Re: Can you help us on memory barrier usage? (was Re: [PATCH v4 4/6] mm: swap: Allow storage of all mTHP orders)
From: Ryan Roberts
Date: Tue Mar 26 2024 - 13:10:33 EST
On 25/03/2024 03:16, Huang, Ying wrote:
> "Paul E. McKenney" <paulmck@xxxxxxxxxx> writes:
>
>> On Sat, Mar 23, 2024 at 11:11:09AM +0900, Akira Yokosawa wrote:
>>> [Use Paul's reachable address in CC;
>>> trimmed CC list, keeping only those who have responded so far.]
>>>
>>> Hello Huang,
>>> Let me chime in.
>>>
>>> On Fri, 22 Mar 2024 06:19:52 -0700, Huang, Ying wrote:
>>>> Hi, Paul,
>>>>
>>>> Can you help us on WRITE_ONCE()/READ_ONCE()/barrier() usage as follows?
>>>> For some example kernel code as follows,
>>>>
>>>> "
>>>> unsigned char x[16];
>>>>
>>>> void writer(void)
>>>> {
>>>> memset(x, 1, sizeof(x));
>>>> /* To make memset() take effect ASAP */
>>>> barrier();
>>>> }
>>>>
>>>> unsigned char reader(int n)
>>>> {
>>>> return READ_ONCE(x[n]);
>>>> }
>>>> "
>>>>
>>>> where, writer() and reader() may be called on 2 CPUs without any lock.

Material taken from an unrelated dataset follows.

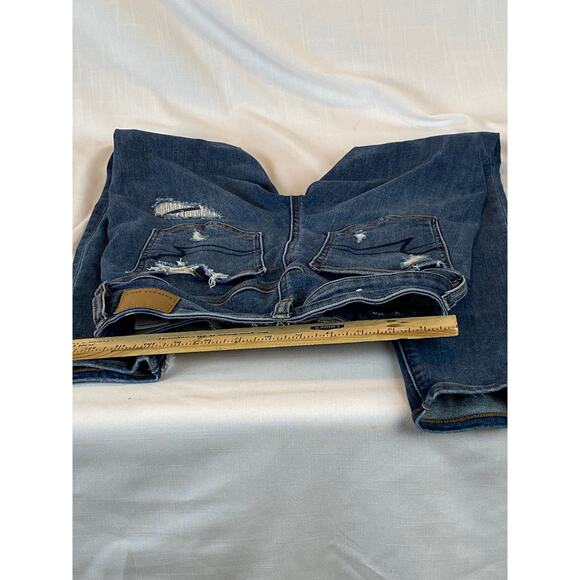 American Eagle next level stretch size 2 jeggin crop distressed medium blue wash - Picture 7 of 15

>>>> It's acceptable for reader() to read the written value a little later.
>>
>> What are your consistency requirements? For but one example, if reader(3)
>> gives the new value, is it OK for a later call to reader(2) to give the
>> old value?
>
> writer() will be called with a lock held (sorry, my previous words
> aren't correct here). After the racy checking in reader(), we will
> acquire the lock and check "x[n]" again to confirm. And, there are no
> dependencies between different "n". All in all, we can accept almost
> all races between writer() and reader().
>
> My question is, if there are some operations between writer() and
> unlocking in its caller, whether does barrier() in writer() make any
> sense? Make write instructions appear a little earlier in compiled
> code? Mark the memory may be read racy? Or doesn't make sense at all?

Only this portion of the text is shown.